The doomsayers prophesied that applications to higher education would plummet. In reality, although there was a drop in applications for 2012-13, it was nowhere near the levels predicted. Applications and acceptances from disadvantaged groups have held up well, as have acceptances to science, technology, engineering and maths courses. A recent report from the Higher Education Policy Institute found no evidence of higher fees having a deleterious effect on application rates from 18-year-olds: in fact, this year's were the second-best on record. And we have reasons to be cheerful about the early data for 2013-14.
Sadly, some wilfully distort the facts about higher education funding to try to score cheap political points. Most young people, however, understand that no eligible student has to pay upfront fees. And we are continuing to work hard to dispel any residual myths. Our Student Finance Tour visited 2,150 schools, colleges and sixth forms in England last year. This year we have broadened its scope, with recent graduates talking to younger pupils and their parents. My colleague Simon Hughes has done a lot of work in this area, for which I am grateful.
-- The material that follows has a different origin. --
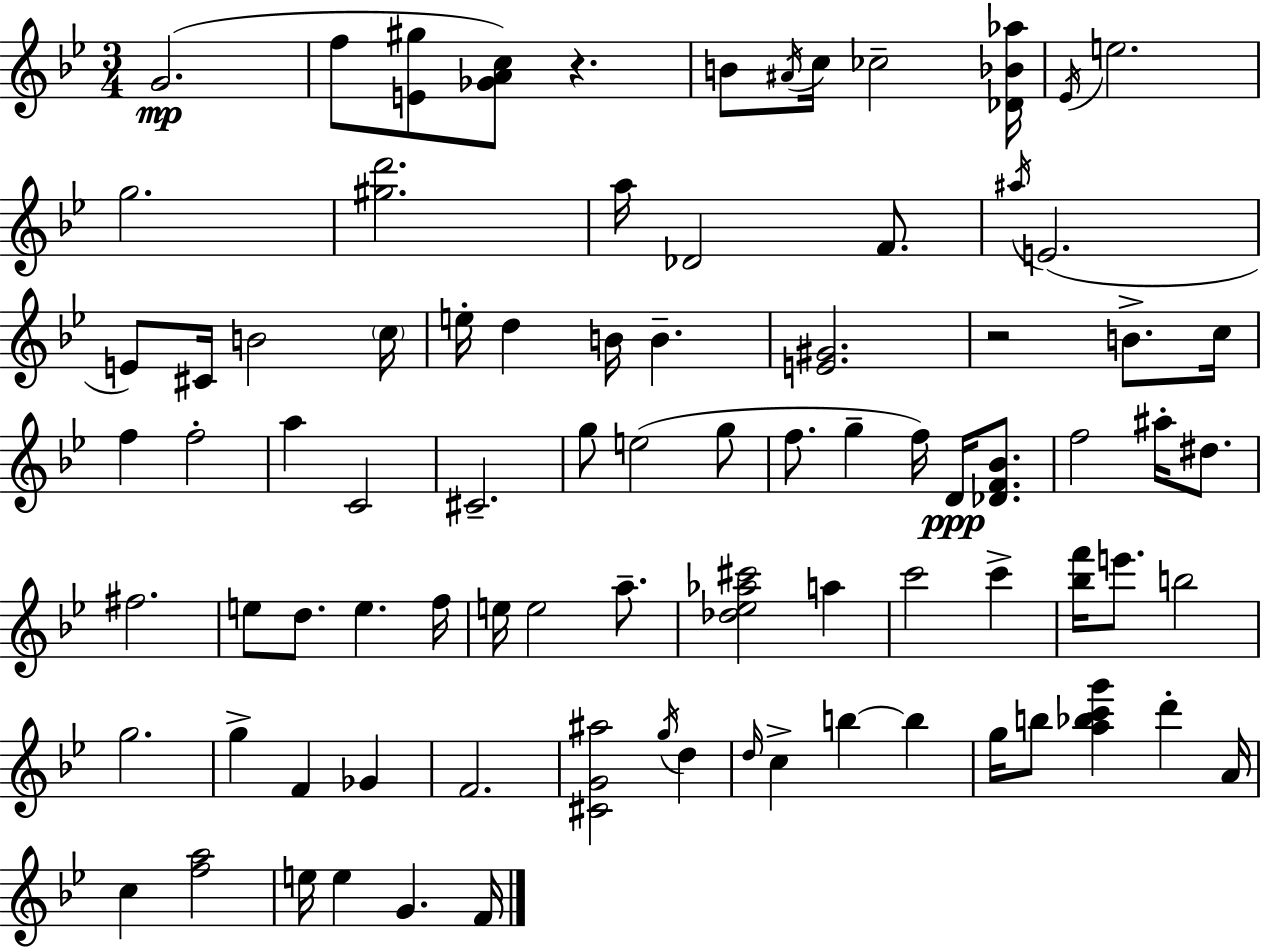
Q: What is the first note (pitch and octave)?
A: G4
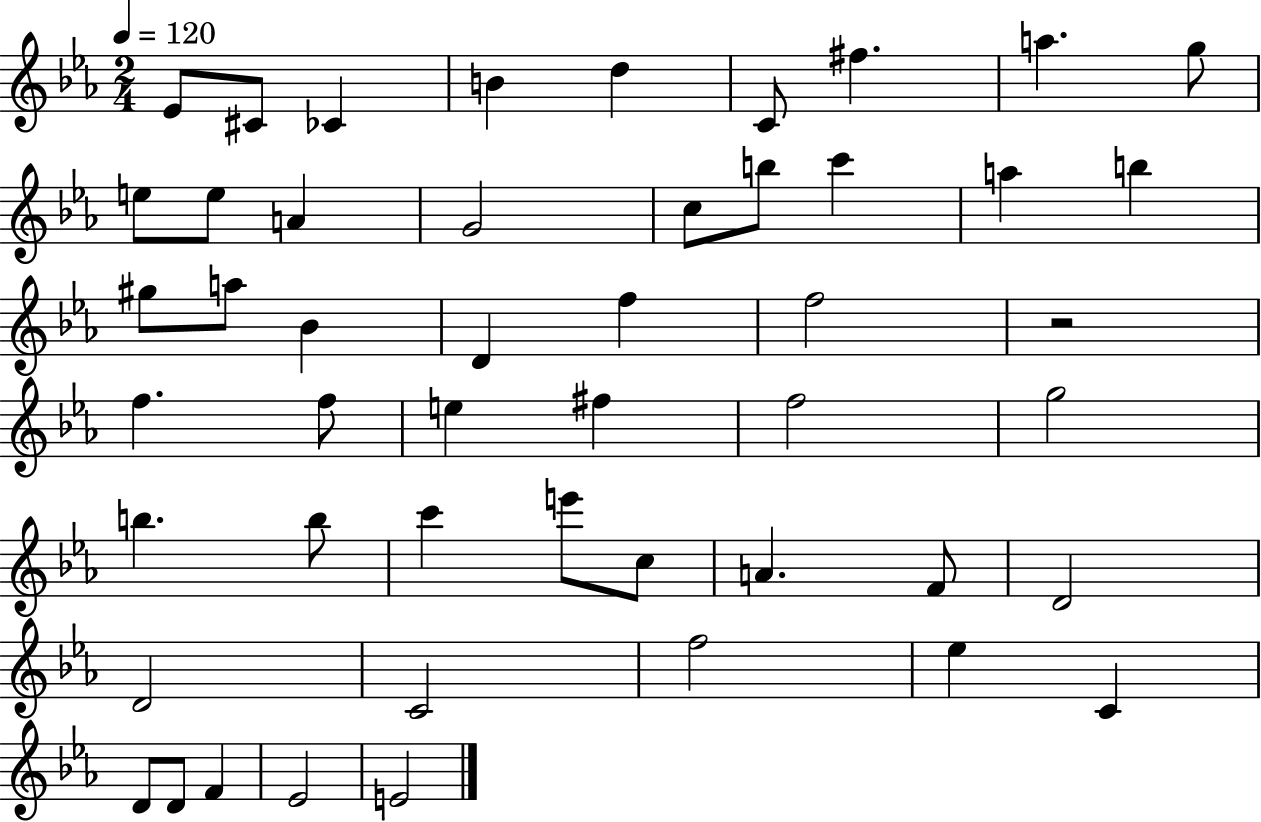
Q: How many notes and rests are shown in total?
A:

The cost of higher education is undoubtedly influencing prospective students to think in a more hard-headed way about the courses they choose. We are putting improved information centre stage to help them with that choice. I recently launched the Key Information Set at Strode College in Somerset - 17 key pieces of data such as employability rates post-graduation, the average salaries of recent graduates, and evaluations of course quality by existing students. A girl studying A levels at Strode told me she had compared courses in Japanese studies and was shocked to find her first choice was poorly rated while a choice lower on her list had scored well. These data will put students at the heart of the system and will ensure that universities deliver - and are held to account for what they deliver.
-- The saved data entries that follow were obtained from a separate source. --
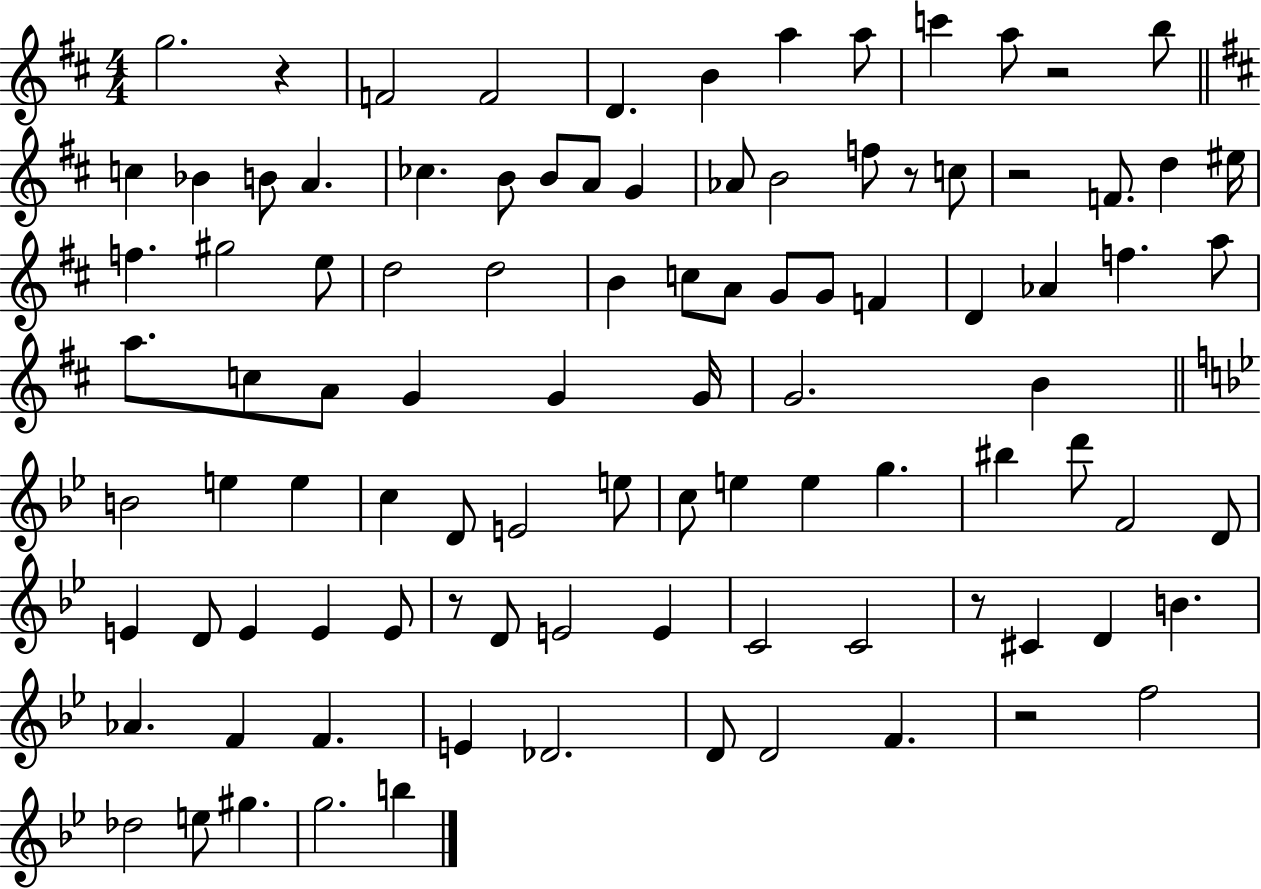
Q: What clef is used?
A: treble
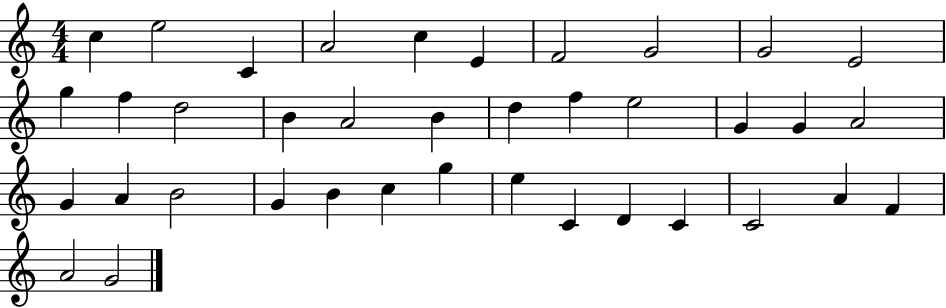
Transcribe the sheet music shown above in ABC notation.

X:1
T:Untitled
M:4/4
L:1/4
K:C
c e2 C A2 c E F2 G2 G2 E2 g f d2 B A2 B d f e2 G G A2 G A B2 G B c g e C D C C2 A F A2 G2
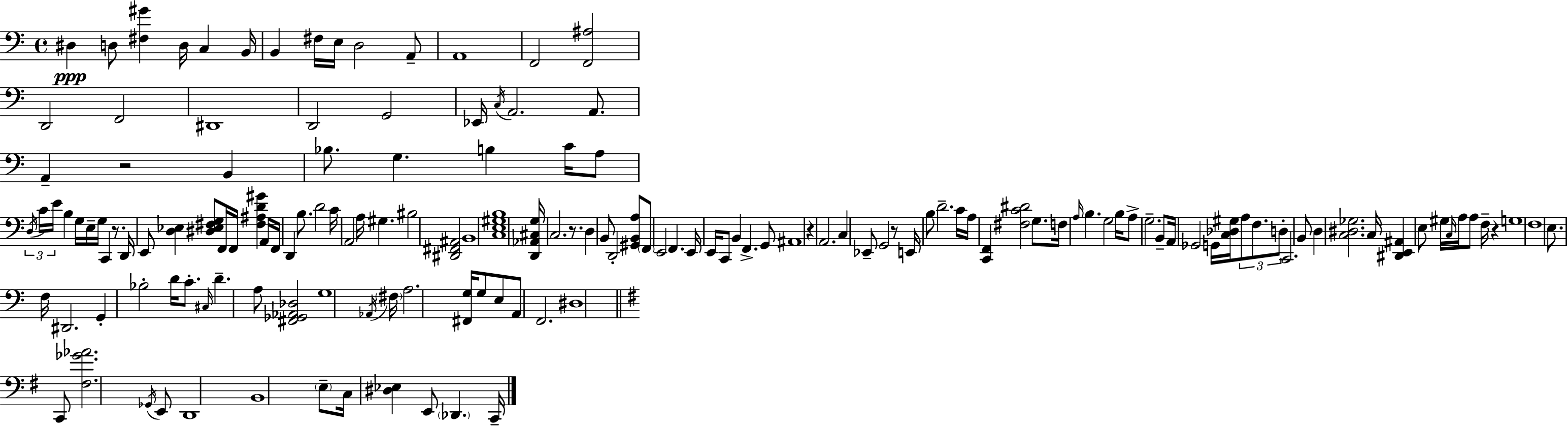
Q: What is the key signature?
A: C major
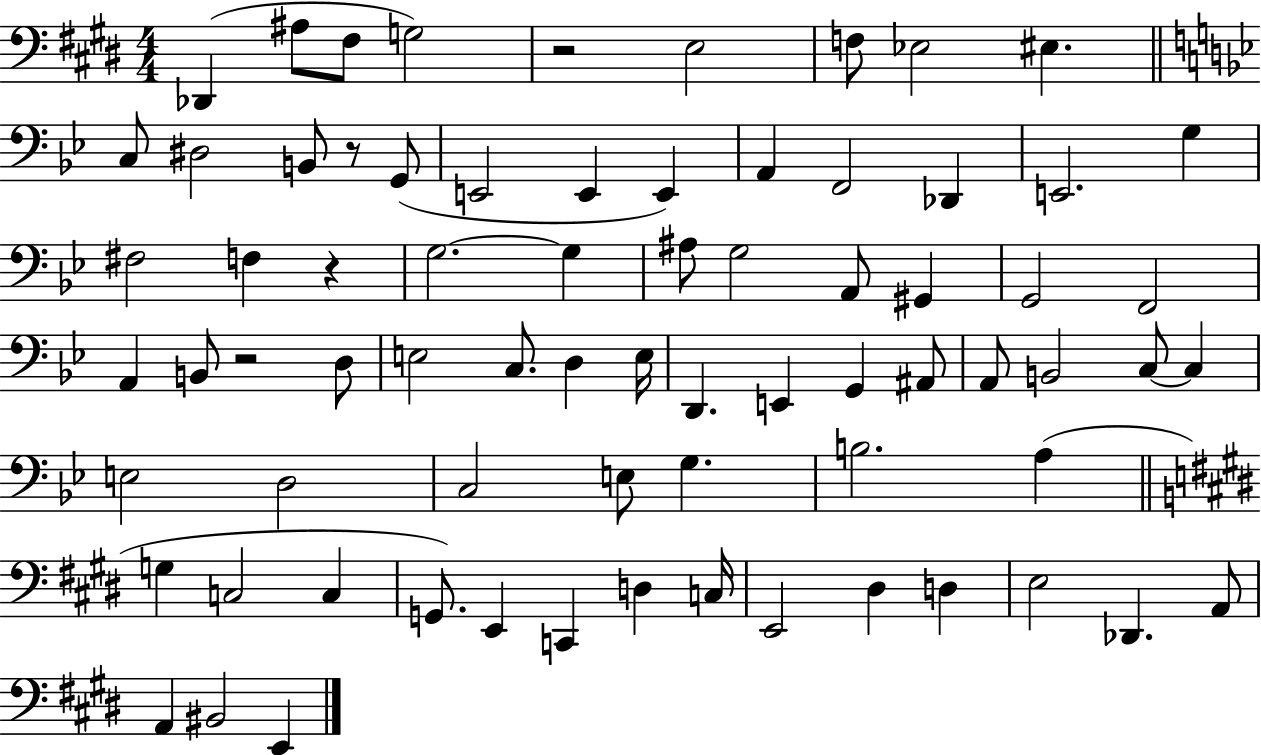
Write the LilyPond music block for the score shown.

{
  \clef bass
  \numericTimeSignature
  \time 4/4
  \key e \major
  des,4( ais8 fis8 g2) | r2 e2 | f8 ees2 eis4. | \bar "||" \break \key g \minor c8 dis2 b,8 r8 g,8( | e,2 e,4 e,4) | a,4 f,2 des,4 | e,2. g4 | \break fis2 f4 r4 | g2.~~ g4 | ais8 g2 a,8 gis,4 | g,2 f,2 | \break a,4 b,8 r2 d8 | e2 c8. d4 e16 | d,4. e,4 g,4 ais,8 | a,8 b,2 c8~~ c4 | \break e2 d2 | c2 e8 g4. | b2. a4( | \bar "||" \break \key e \major g4 c2 c4 | g,8.) e,4 c,4 d4 c16 | e,2 dis4 d4 | e2 des,4. a,8 | \break a,4 bis,2 e,4 | \bar "|."
}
Funding flowing from student choice improves the incentive structure and balance of contributions within higher education. Despite reports of a financial "black hole", we expect contributions from graduates to rise from around 40 per cent of costs to around 60 per cent. While some claim we have underestimated the public cost of the loans, others argue we are overstating it by using a long-term assumption about government borrowing costs rather than the current low rate. Such long-term estimates depend on a wide range of variables, including the earnings trajectory of graduates. Such estimates have a margin of error, but the Office for Budget Responsibility has checked our estimates. We shall monitor the overall affordability of the system as it beds down and, if necessary, take action to ensure it remains sustainable in the long term. But the Higher Education Funding Council for England offers a positive prognosis for the sector's financial health and the Organisation for Economic Cooperation and Development has said that our changes offer an exemplary model of how to reform higher education.
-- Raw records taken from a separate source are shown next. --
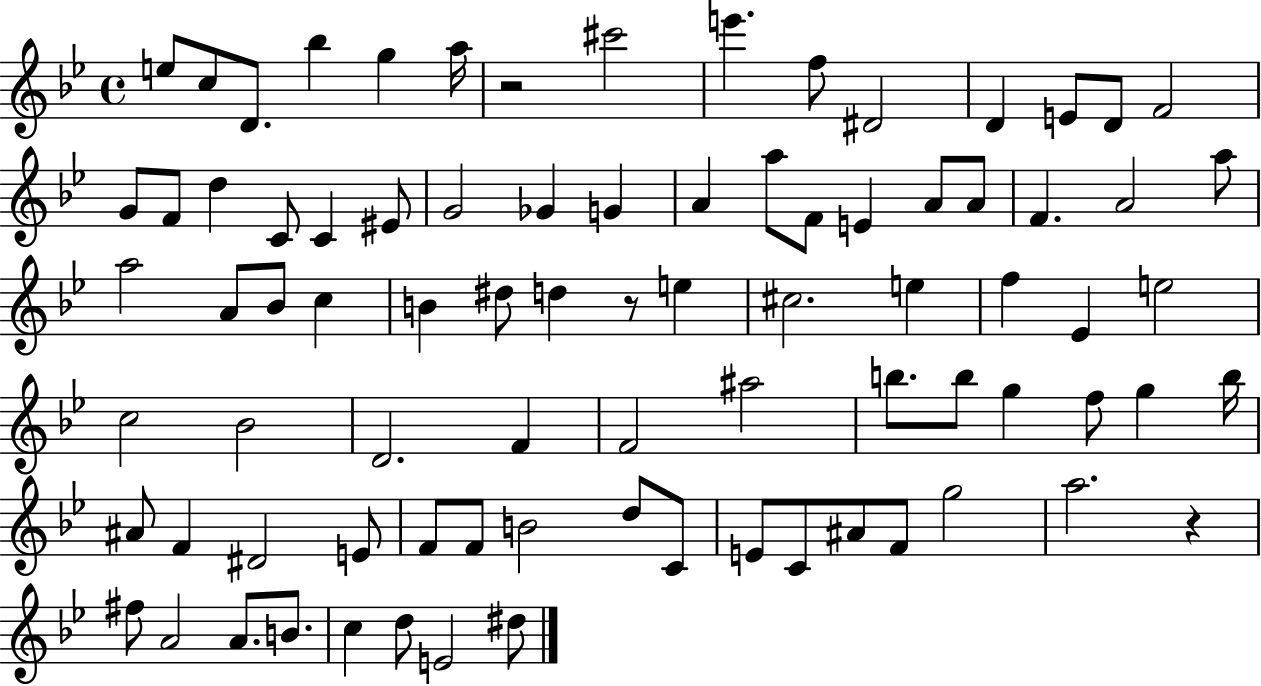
{
  \clef treble
  \time 4/4
  \defaultTimeSignature
  \key bes \major
  \repeat volta 2 { e''8 c''8 d'8. bes''4 g''4 a''16 | r2 cis'''2 | e'''4. f''8 dis'2 | d'4 e'8 d'8 f'2 | \break g'8 f'8 d''4 c'8 c'4 eis'8 | g'2 ges'4 g'4 | a'4 a''8 f'8 e'4 a'8 a'8 | f'4. a'2 a''8 | \break a''2 a'8 bes'8 c''4 | b'4 dis''8 d''4 r8 e''4 | cis''2. e''4 | f''4 ees'4 e''2 | \break c''2 bes'2 | d'2. f'4 | f'2 ais''2 | b''8. b''8 g''4 f''8 g''4 b''16 | \break ais'8 f'4 dis'2 e'8 | f'8 f'8 b'2 d''8 c'8 | e'8 c'8 ais'8 f'8 g''2 | a''2. r4 | \break fis''8 a'2 a'8. b'8. | c''4 d''8 e'2 dis''8 | } \bar "|."
}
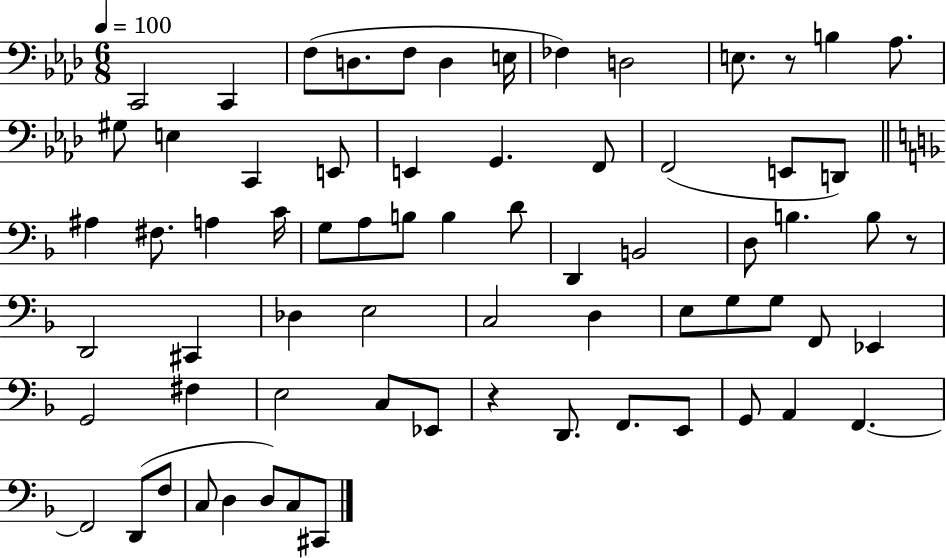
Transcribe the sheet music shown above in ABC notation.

X:1
T:Untitled
M:6/8
L:1/4
K:Ab
C,,2 C,, F,/2 D,/2 F,/2 D, E,/4 _F, D,2 E,/2 z/2 B, _A,/2 ^G,/2 E, C,, E,,/2 E,, G,, F,,/2 F,,2 E,,/2 D,,/2 ^A, ^F,/2 A, C/4 G,/2 A,/2 B,/2 B, D/2 D,, B,,2 D,/2 B, B,/2 z/2 D,,2 ^C,, _D, E,2 C,2 D, E,/2 G,/2 G,/2 F,,/2 _E,, G,,2 ^F, E,2 C,/2 _E,,/2 z D,,/2 F,,/2 E,,/2 G,,/2 A,, F,, F,,2 D,,/2 F,/2 C,/2 D, D,/2 C,/2 ^C,,/2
I know there are challenges ahead, including funding our postgraduate sector and ensuring that the UK remains an attractive destination for international students. And improved efficiency must remain a top priority so that graduate contributions are not based on a "cost plus" model.
Another challenge is increased business collaboration, as recommended by Sir Tim Wilson in his report published in February. I want to see business taking a bigger role in sponsoring students, with a revival of "sandwich" schemes. The World Economic Forum now ranks the UK second in the world (and ahead of the US) for university-industry collaboration in research and development. The level of demand for the Research Partnership Investment Fund has been impressive, and the £300 million on offer will leverage more than twice that amount in private co-investment from major businesses and charities looking to collaborate with universities.
The real story about our reforms is not that some thinktanks differ from others about the long-term forecast for the sector: the real story is that we are reshaping the academy to make it more affordable for the taxpayer, more accessible to students from all socio-economic backgrounds and more competitive in an increasingly global market.